When 9/11 happened and then when the war on Iraq was initiated, I was sitting in an urban “civil rights” and social policy research office in the middle of Chicago’s South Side ghetto putting together 2000 census and a whole bunch of other data that encouraged me to develop a skeptical perspective on our claims of unmatched national greatness. I was regularly reviewing a seemingly endless series of data sets reflecting the incredible price that people pay for empire and inequality at the bottom of the nation’s interrelated class and race structures.
One of the many terrible findings that stuck with me was the discovery that Illinois placed 20,000 more black males in prison than it did in its public 4-year undergraduate college programs. Another one I couldn’t shake was more than a quarter of the children lived in “deep poverty” – at less than half the federal poverty level – in 15 of the city’s 77 officially designated Community Areas in 1999. All but one of these 15 neighborhoods was located in predominantly black stretches of Chicago’s South and West Sides.
There were six very predominantly black neighborhoods where more than 40 percent of the children were deeply poor and one (Riverdale) where more than half the children lived in deep poverty. This was before the onset of recession in 2001, which pushed the number of black children living in deep poverty in the United States over one million?
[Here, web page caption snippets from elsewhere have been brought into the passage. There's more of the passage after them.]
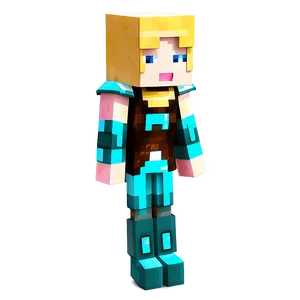 Minecraft Armor Png 90 PNG Image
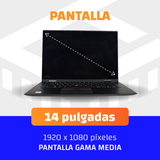 LENOVO THINKPAD X1 YOGA 3ER 360°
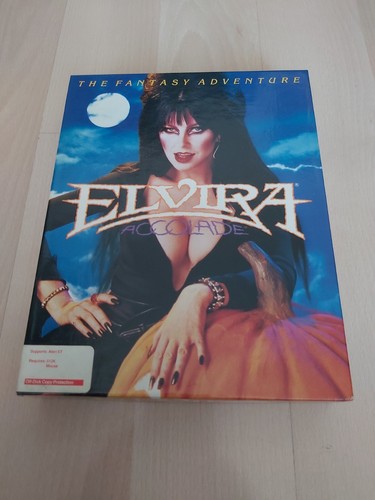 Elvira maîtresse des - elvira,,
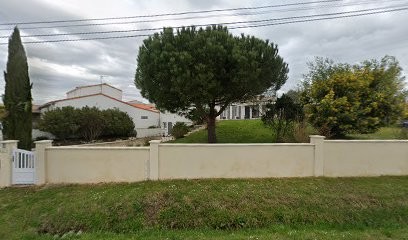 Vion Stéphane, Maçon à Saint-Augustin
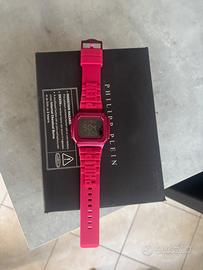 Hypershock Philipp plein orologio digitale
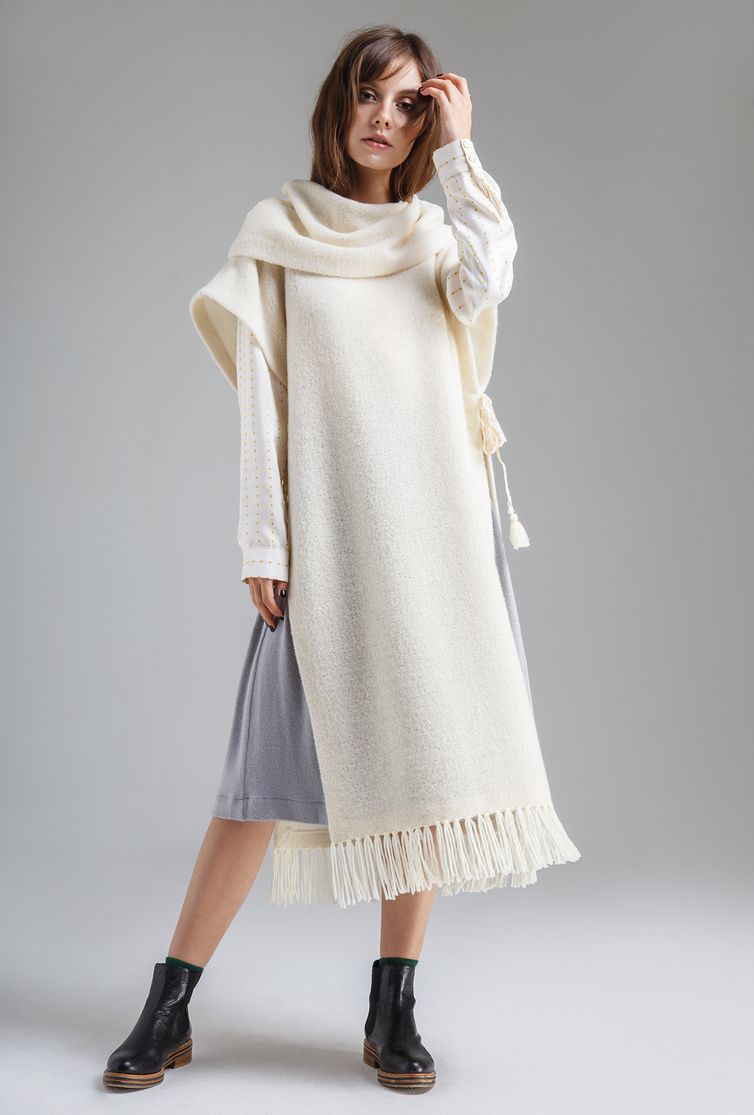 Waistcoat PAPAYA #P1187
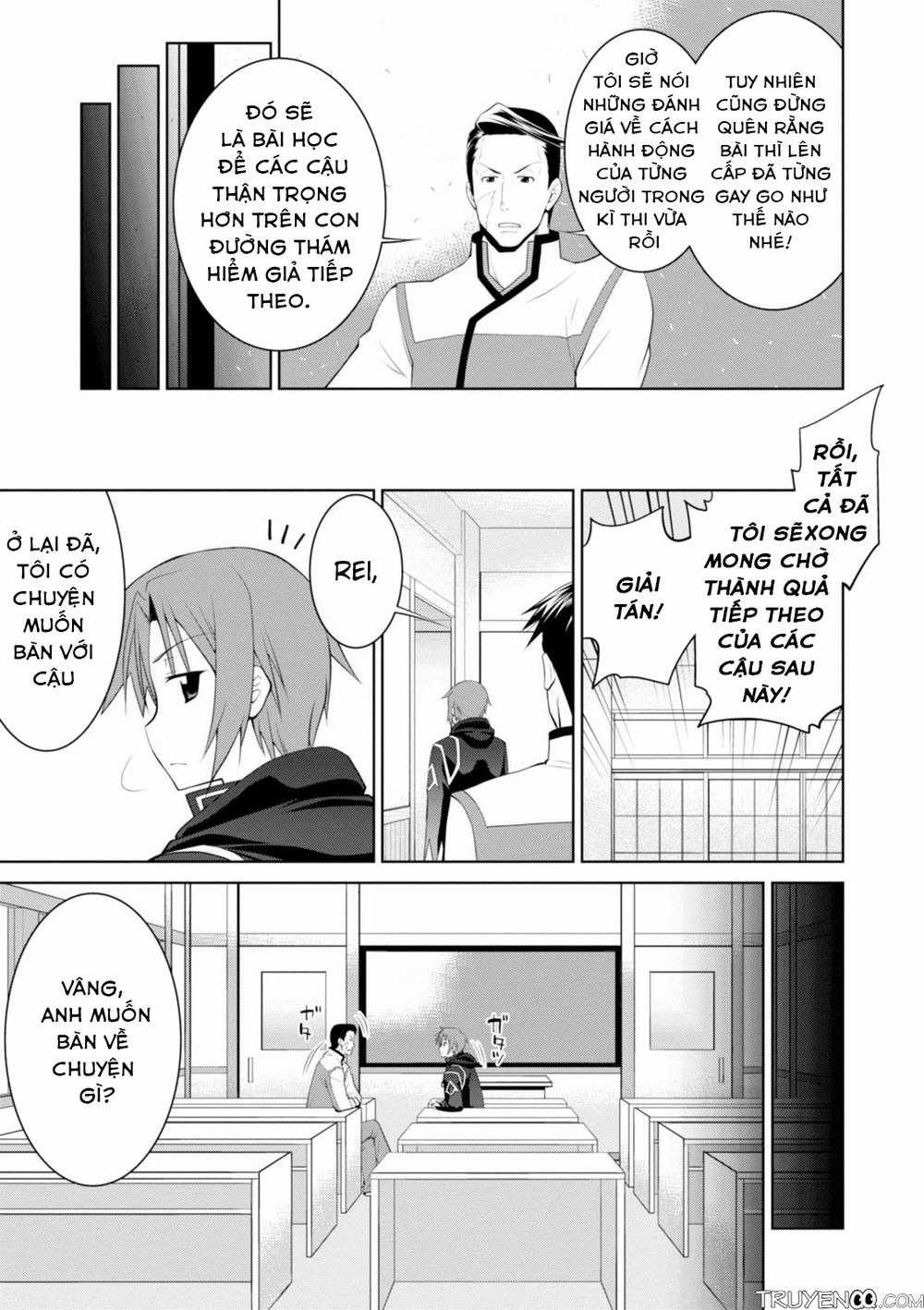 Legend Isekai Chapter 18 trang 7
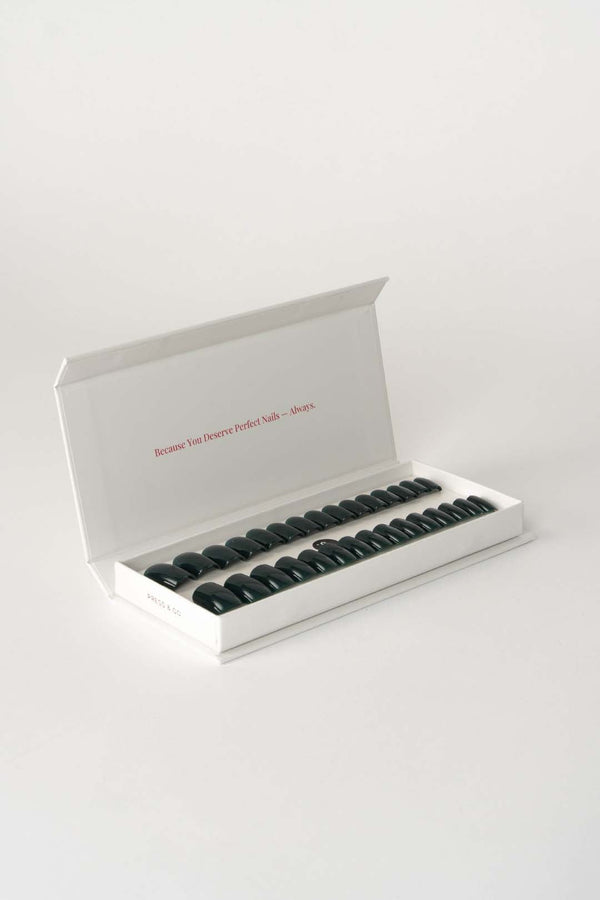 Press & Go - Moss - Square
Talk about a “broken society!”
In a recent issue of the New Yorker there’s an interesting article by David Remnick about Bill Clinton’s career as an ex-president. At some point in the article, Reminick quotes Bill Gates and Clinton talking about how they hope to bring African children the “same opportunities available to kids in the United States.” It’s a noble objective but I want to ask them: the same opportunities as WHICH AMERICAN KIDS, Mr. President and Mr. CEO? The ones in Lake Forest Illinois, where median household income is $120,000 and the “public schools” spend more than $20,000 per kid per year or the ones in the South Side neighborhood of Riverdale, where median household income is $13,000, where the official unemployment rate is 35 percent and where the “public” schools spend $6 to 7,000 per year on the children.
To quote Jonathan Kozol: “These are extraordinary inequalities within a metropolitan community that still lays claim to certain vestiges of the humanitarian ideals associated with the age of civil rights and the unforgotten dreams of Dr. Martin Luther King.”
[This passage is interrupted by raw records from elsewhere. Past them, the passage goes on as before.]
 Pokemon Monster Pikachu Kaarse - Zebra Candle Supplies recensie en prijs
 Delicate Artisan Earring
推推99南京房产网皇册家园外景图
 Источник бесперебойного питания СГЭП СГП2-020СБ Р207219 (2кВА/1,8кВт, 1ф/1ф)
LOOKING FOR A FAILED STATE?
You want to see a failed state, unwilling and/or unable to protect and provide security for its citizens and territory? You don’t have to go to Sudan or Iraq. Look at the Bush administration’s failure to act in basic sorts of ways on numerous indications that the 9/11 attacks were coming.
Look at the federal government’s failure to act on all but a few of its own handpicked 9/11 Commission’s basic recommendations on preventing future predictable attacks even as it engages in an incredibly provocative and nakedly imperialist war on the Middle East.
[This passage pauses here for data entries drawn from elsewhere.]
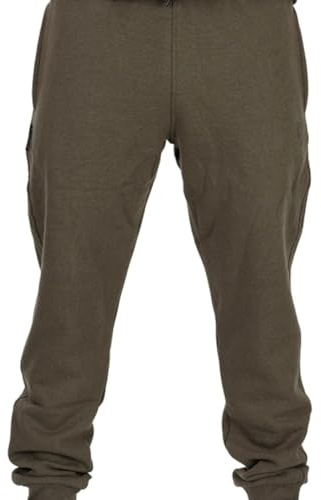 Fox Collection Jogger Green & Black - Angelhose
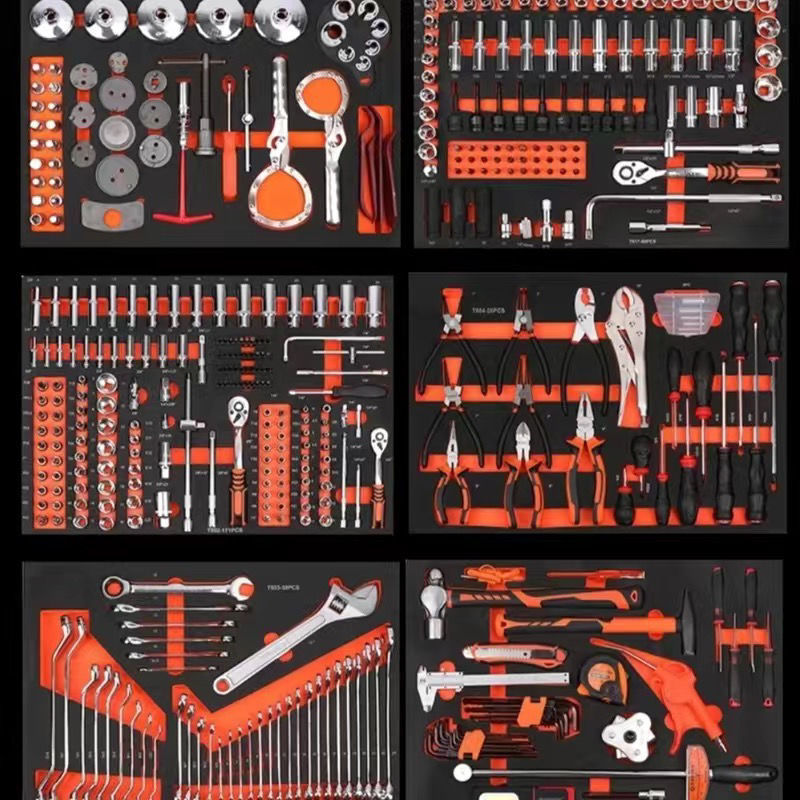 421피스 도구 세트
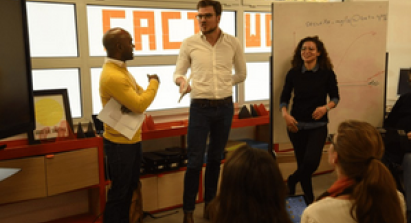 Une journée de formation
It fails to act even as it has long pursued a global-corporate neoliberal agenda that encourages state failure by undermining the positive social and democratic functions of government and thereby helps drive Arab and other Muslims into fundamentalist organizations that recruit untold thousands of future terrorists.
I’m guessing that many of you here saw the weekend’ news reports detailing the findings of a classified national U.S. intelligence report which confirms what we’ve known for some time – that “the American invasion and occupation of Iraq has helped spawn a new generation of Islamic radicalism and that the overall terrorist threat has grown since the September 11 attacks” thanks in large measure to the deeply inciting state-terrorist war on Iraq.
We should add the U.S.-sponsored Israel attack on Lebanon to the list of the factors that are inciting the Arab and Muslim populations and worsening the terror threat. People eager to discover state failure could look at the federal government’s failure to maintain levees and protect wetlands prior to Katrina.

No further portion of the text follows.